Nous ne légiférons pas uniquement, mes chers collègues, pour complaire aux agences de notation ! Nous légiférons pour que l’argent public aille à ceux qui en ont besoin, pour répondre aux attentes sociales, pour créer les conditions de la croissance et du développement de l’ensemble de la société.

Il y a donc mieux à faire avec le fruit du travail de tous que de veiller au confort financier des contribuables de I’ISF, ainsi que cela nous est proposé aujourd’hui.

Je veux encore pointer quelques-unes des contradictions du discours gouvernemental comme de l’analyse de notre rapporteur général.

Le présent texte constitue un ensemble de mesures destinées à réformer la fiscalité du patrimoine, mais, comme par hasard, le jeu du « qui perd gagne » ne concerne pas toujours les mêmes personnes…

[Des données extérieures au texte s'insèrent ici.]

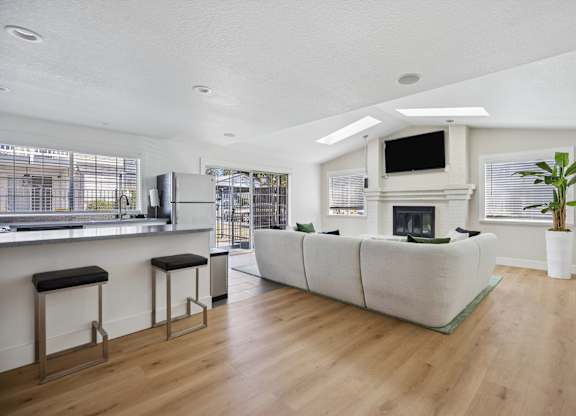 A modern living room with a fireplace and a bar area.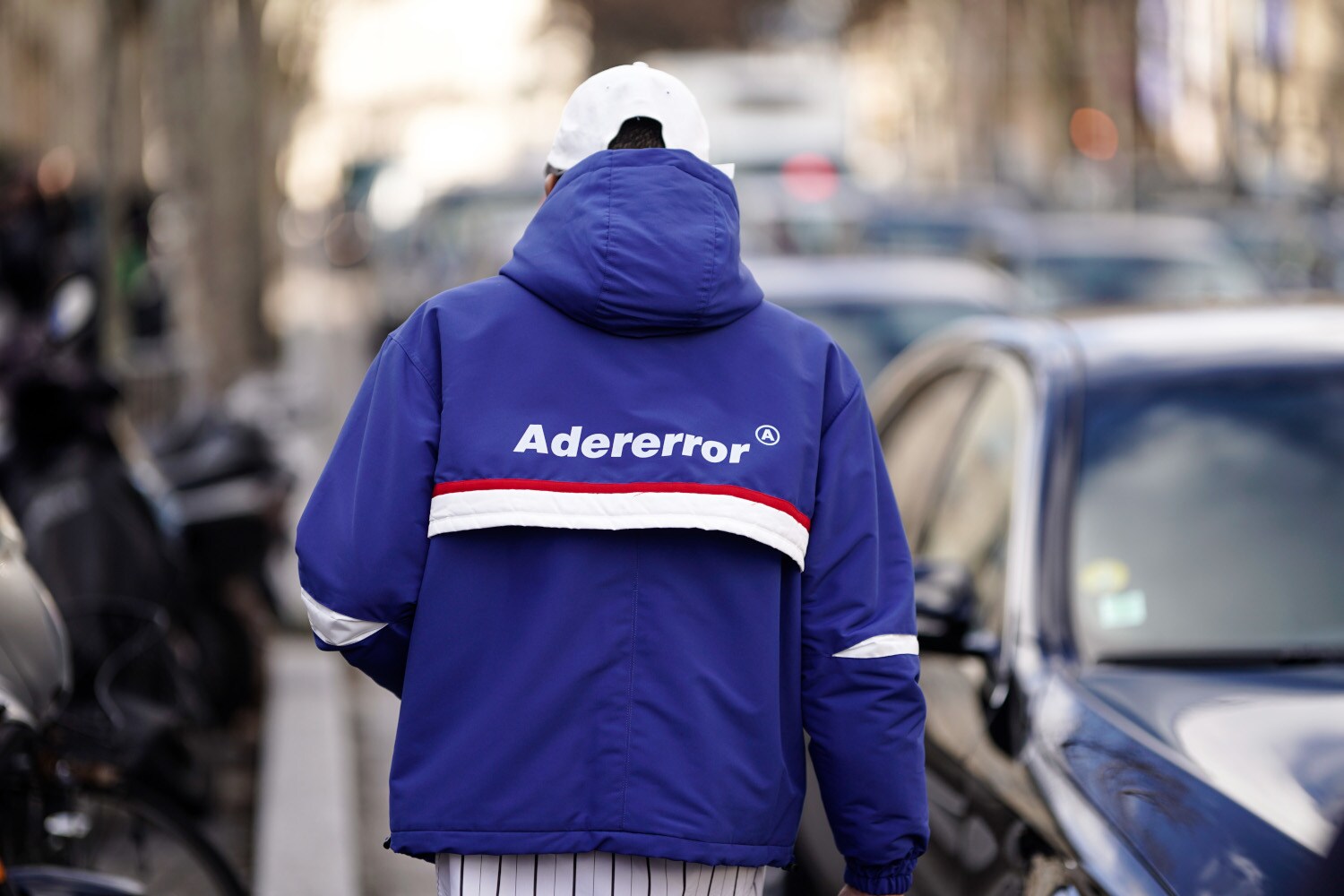 Rückansicht eines Mannes auf einer Straße mit blauer Trainingsjacke mit dem Markennamen Adererror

Figurez-vous, mes chers collègues, que la fiscalité du patrimoine, ce sont 56 milliards d’euros de rentrées fiscales pour l’État ou les collectivités, dont 14 milliards d’euros au titre de la seule taxe foncière. Quels sont, dans ce texte, les efforts réalisés sur ce dernier point ? Il n’y en a aucun ! Il aurait pourtant été bienvenu de faire un geste envers les petits propriétaires, ceux dont le pavillon de banlieue vaut, au mieux, 100 000 euros et qui ont vu, eux, leur taxe augmenter sans interruption année après année !

Autre exemple : une partie de la réforme est gagée sur la suppression du bouclier fiscal, dispositif aux effets « mitigés », selon les termes du rapporteur général lui-même. Autrement dit, pour supprimer un dispositif boiteux, le bouclier fiscal, on s’attaque à un impôt efficace, l’ISF. Parmi les perdants de la réforme figurent donc, entre autres, les 3 500 ménages qui ne sont pas redevables de l’ISF et qui avaient, pourtant, sollicité le bouclier fiscal, notamment pour leur taxe foncière. La seule réponse que l’on ait trouvée est celle de la cote mal taillée de l’article 14.

Mais surtout, comme nous nous en sommes rendu compte, la réponse la plus nette que le Gouvernement ait trouvée est celle de la remise en cause du dispositif des donations, dont on a pu vérifier, depuis la loi TEPA du 21 août 2007, tout le caractère pernicieux. Hélas, le Gouvernement fait notamment le choix de taxer un peu plus les donations d’un montant inférieur au seuil d’application de l’ISF. Cela conduit à financer la baisse de l’impôt de solidarité sur la fortune par l’augmentation des droits perçus sur les donations dont le montant sera inférieur à 1,3 million d’euros, seuil d’entrée dans l’ISF et, pis encore, pour les biens immobiliers, à 800 000 euros.

Ce sont donc des ménages moyens un peu moins riches que les actuels redevables de l’ISF qui vont payer la facture pour ceux qui sont pourtant à la tête d’un patrimoine élevé.

Quant aux effets de la mesure, nous les connaissons : tandis que, le 1er juillet, les 3 millions de smicards de notre pays toucheront exactement 27,30 euros bruts de plus sur leur fiche de paie, si ce texte est voté en l’état, 310 000 foyers redevables de l’ISF gagneront, sans le moindre effort, sans fournir aucun travail, environ 1 100 euros sur l’année, soit l’équivalent d’un SMIC brut mensuel !

Encore plus fort : les quelques milliers de redevables de l’ISF qui disposent d’un patrimoine plus important vont, quant à eux, toucher le jackpot ! Avec un peu plus de 40 millions d’euros de patrimoine, ce sont 450 000 euros, soit l’équivalent d’un SMIC mensuel chaque jour, qui seront rendus à chacun de ces contribuables !

Que valent 1 000 ou 1 500 euros rendus à 300 000 contribuables de l’ISF face aux difficultés qui attendent 150 000 jeunes sans diplôme lorsqu’il s’agit pour eux de trouver un emploi et de se dessiner un avenir ? Que vaut le 1,8 milliard d’euros de baisse de l’ISF face au million de mal-logés, aux 2,6 millions de chômeurs officiels ?

Devant un tel choix de société, nous ne pouvons, mes chers collègues, que vous inviter à adopter cette question préalable.